The study proposed connecting trails within the Kinnickinnic River Trail, as well as within the 30th Street Corridor on the North Side.
“There are plenty of access points, but the big issue the Kinnickinnic River Trail has is connectivity; it’s not a continuous trail,” said Tony Girron, events manager for the Wisconsin Bike Fed. A continuous trail would make bikers and walkers feel safer, he added.
Expanding the trails would raise the “connectivity” score for trail access citywide to 59 percent, and 66 percent in low-income neighborhoods. The score measures the ease of getting to “critical destinations,” including schools, libraries and grocery stores. The proposed improvements would increase the number of residents with access to a trail from 25,000 to 200,000, according to the conservancy.

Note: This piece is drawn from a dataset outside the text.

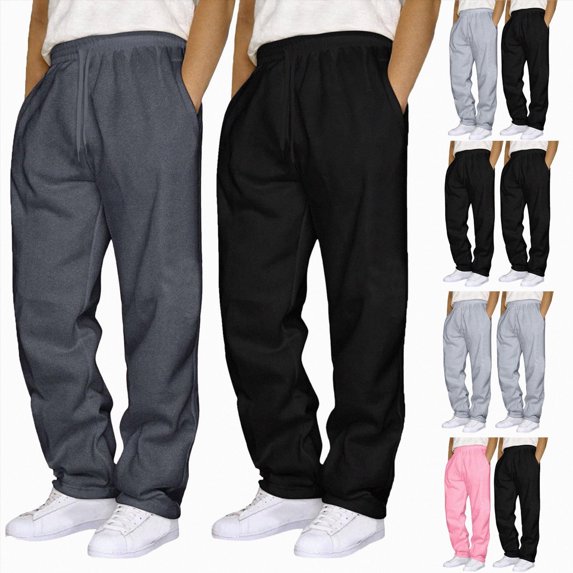Mens 2PC Sweatpants Wide Straight Leg Pants Bottom Sweatpants Joggers Pants Workout With Pockets Running Sports Pants Loose Casual Jogger Pants S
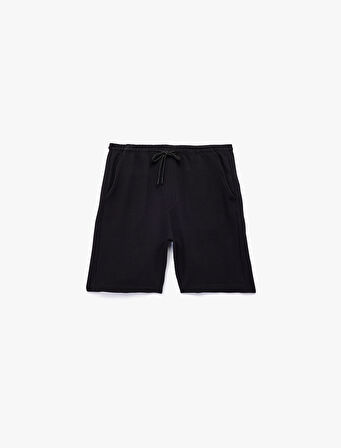 Beli Bağcıklı Pamuklu Cep Detaylı Spor Şort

Biernat added that the Kinnickinnic River Trail could connect to the Oak Leaf Trail, which runs for 120 miles in and around Milwaukee, and connects to the Hank Aaron State Trail a 15-mile trail that stretches from the Milwaukee lakefront to West Allis along the Menomonee River.
Rails-to-Trails has proposed expanding the 30th Street Corridor and Kinnickinnic River trails to connect to the Hank Aaron State Trail, which passes Miller Park, the Milwaukee County Zoo and the Wisconsin State Fair Park.
Maida said planning for connecting trails should include community residents. “Those trails and streets will be a way to create a new culture of health that neighborhoods of color don’t have,” she noted.
Elizabeth Thorstensen, vice president of trail development at Rails-to-Trails, added, “If we make these (improvements to the trails) there could be transformational changes.”
Expanding Milwaukee’s trails is part of the Route of the Badger, a Rails-to-Trails proposal to expand Southeastern Wisconsin’s trails from 340 miles to more than 500 miles through seven counties.